Figure 5. Relative viable, necrotic, and apoptotic cell populations. Error bars represent standard deviation. (Tukey, Two-way ANOVA multiple comparisons test, *p < 0.05, n = 3).

Cell Cycle

The relative population of OECs in each phase of the cell division cycle are presented in Figures 4, 6. Samples were compared to TCP controls, a substrate on which the health of OECs has been investigated in prior studies (Daranarong et al., 2014). These controls were established by placing the cells in environmental conditions that have been shown to arrest cell development at a particular stage of the cell cycle. Cell cycle controls are presented on the left side of the dotted line in Figure 6. The OECs cultured on the Pt electrodes were shown to have a significant shift into the S phase following biphasic stimulation (p < 0.05, for passive vs. Low Stim and passive vs. High Stim). While lower levels of biphasic stimulation had little influence on cell cycle of the OECs cultured on CHs, the higher levels of stimulation pushed OECs into the DNA replication and mitosis phases (p < 0.05, for passive CH vs. High Stim). This data concurs with the viability assay, suggesting electrical stimulation may promote cell proliferation.


Figure 6. The relative distribution of OECs cultured on Pt and CH electrodes found to be in the cell cycle phases G0/G1, S, and G2/M. Cell health controls in serum deprived media and full serum media with the addition of aphidicolin (S phase control) and nocodazole (G2/M phase control). Error bars represent the standard error of the mean.

Supportive Capacity of OECs

Under co-culture conditions the cell attachment and differentiation of the PC12s were considered the most important indicators of OEC function. Figure 7 shows the PC12 cell and neurite density values for the cells cultured with or without OECs on passive or electrically stimulated Pt and CH coated electrodes. The presence of OECs in the culture had a marginal influence on the proliferation of the PC12 cells, which was unexpected as they were cultured under differentiation conditions where proliferation should not occur. It can also be seen that the number of PC12s was greater on the CH when cultured with OECs and subjected to stimulation, than that for the Pt substrate.
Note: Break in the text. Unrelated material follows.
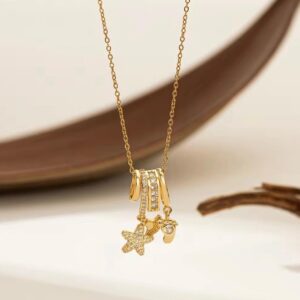 Foot & Star charms 18k gold plated on Stainless Steel Anti Tarnish necklace
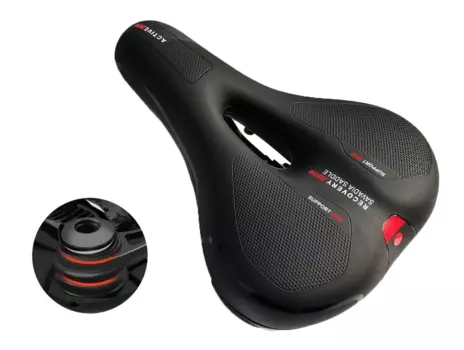 Седло велосипедное Wheel Ap, комфорт, 255x190 мм, Memory foam SADDLE, Elastomer, черный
Figure 7. Quantification of PC12 cell attachment when cultures with and without OECs on passive and electrically stimulated Pt and CH electrodes. Statistical analysis was in the form of Tukey one-way ANOVA, *p < 0.05. Error bars represent the standard error of the mean.

Upon application of stimulation the neurite outgrowth from PC12s cultured with OECs was increased (Figure 8). It should be noted that while OECs clearly provided support for PC12s even in under electrically passive conditions, the combination of both OECs and stimulation produced the most substantial differentiation and growth of neural processes. This suggests that despite the difficulty in quantifying neurotrophic output of OECs, they are in fact producing neurotrophins, and in particular NGF, which was not added to the cultures, but is critical for PC12 differentiation.


Figure 8. Quantification of neurite outgrowth density for PC12 cells cultures with and without OECs on passive and electrically stimulated Pt and CH electrodes. Statistical analysis was in the form of Tukey one-way ANOVA. *Shows significant differences for p < 0.05. Error bars represent the standard error of the mean.

Typical images are presented in Figures 9, 10. Figure 9 demonstrates how cultures of PC12s alone have minimal attachment to electrode surfaces and as a result poor neurite outgrowth regardless of the material or electrical state. Figure 10 illustrates how OECs clearly support better PC12 morphologies, with PC12s observed to have extended cytoplasm and higher neurite outgrowth densities. It should also be noted neurite outgrowth is not extensive, but this is expected after relatively short time following plating.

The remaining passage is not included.